I left Stehekin with the 8am bus to High Bridge and started a gentle 20mile climb to Suiattle Pass. In 2018 this section had been closed due to a wildfire and so I was excited to see something new.

Most of the climb was on overgrown trail and not very exciting, but when I got to higher ground some nice views came along. With 112°F (44°C) the day was extremely hot, fortunately water was readily available due to many streams and creeks.



Coming down from Suiattle Pass, I mostly hiked through a lush forest, crossed a small footbridge and camped close to where I had camped three years ago.

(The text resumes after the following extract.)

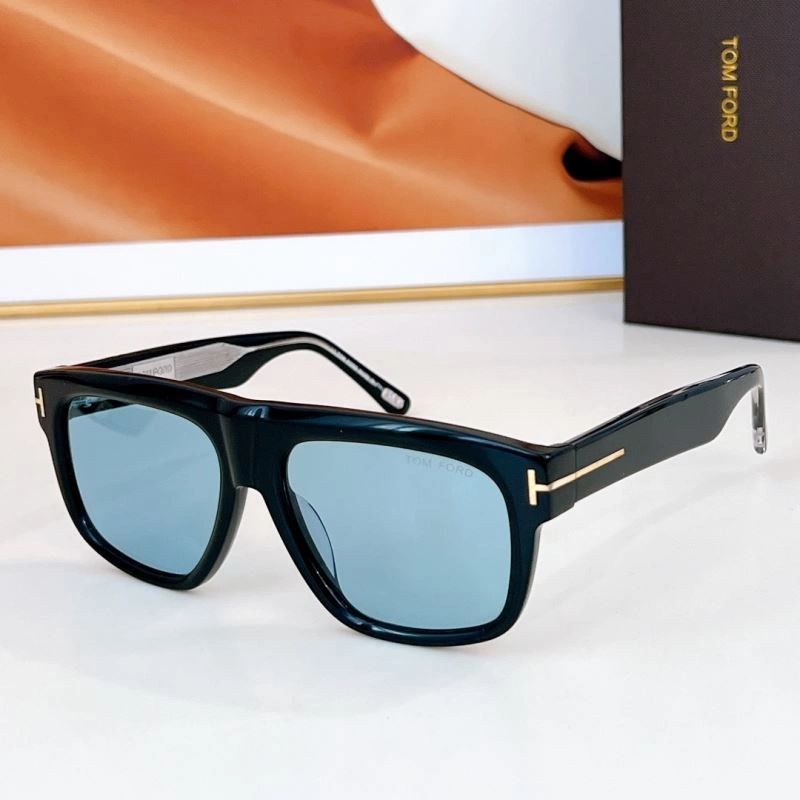 Tom Ford Sunglasses Trendsetting 282386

Day 130: Don't fall! (29miles)

In the early morning I crossed a sturdy and large bridge over the raging Suiattle River.

Shortly after, I started yet another long climb. The terrain here in Washington remains challenging. Over the length of 30-35miles, I easily cover 15,000 - 18,000ft of elevation...and that's not just for one single day, but for several days in a row.

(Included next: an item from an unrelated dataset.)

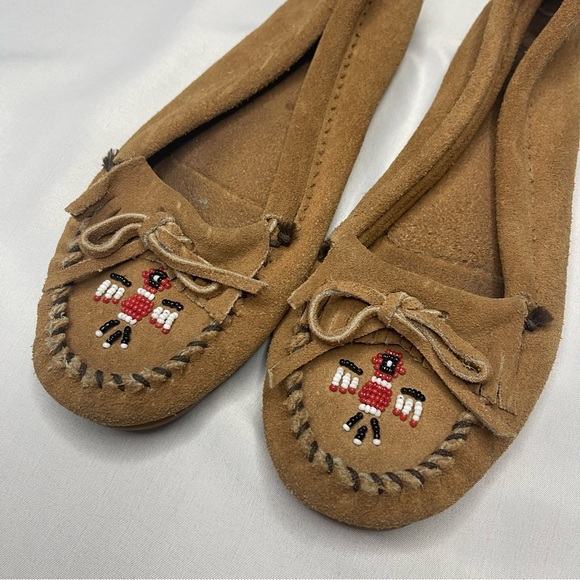 Minnetonka Women’s Thunderbird Moc | size 9 - Picture 7 of 9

The day provided mixed feelings and was rather slow going. I also talked to several other hikers and lost a lot of time.




Especially the miles around Milk Creek were almost as overgrown as in 2018, which made hiking a bit tricky. Here, the trail is quite steep and narrow and you oftentimes can't see the edge of the trail. Stepping besides the trail here might lead to dangerous falls.

The climb back up from Milk Creek was challenging, but Mica Lake and Fire Creek Pass made up for this. On yet another very hot and clear day, I could also see the Cedar or Cubb Creek fire in the distance.


(Mica Lake)

(Cedar or Cubb Creek fire in the distance)

(Fire Creek Pass)

The last challenge of the day, was crossing Kennedy Creek. The creek was to wide to jump across, quite deep and had a massive flow. I crossed over the log in the picture below and got quite an adrenaline rush. Training on a slackline back at home was certainly a good idea ;-)

Day 131: Smoke again (37miles)

When I woke up on day 131 I immediately smelled smoke again and knew that the wind had turned once again.

This was especially frustrating as I was headed into the Indian Peaks Wilderness, which had been covered in rain clouds in 2018.

(broken, but yet functional bridge)


(Smokey skies)


Once again it was extremely hot and I was constantly filling up my water supply. Due to a rather short day before, I was still far away from Skykomish and running low on food. Fortunately the smell of blue- and huckleberries was irresistible and so I ate a lot of berries throughout the day.

(Nice forest trail)

Day 131: Steven's Pass & Skykomish (29miles)

From my campsite a few miles south of Grizzly Peak it was only 11miles to Steven's Pass and the nearby town of Skykomish. With no food left in my bag, I hiked fast and got a ride from a lovely couple just 30minutes after arriving at the pass. I rested a few hours at Skykomish's local Deli, had a few BBQ Bacon Burger and some Pie, before heading out again.

(That's how the elevation profile in Washington looks on most days. Constant up's and down's...)

(Ski Resort at Steven's Pass covered in smoke)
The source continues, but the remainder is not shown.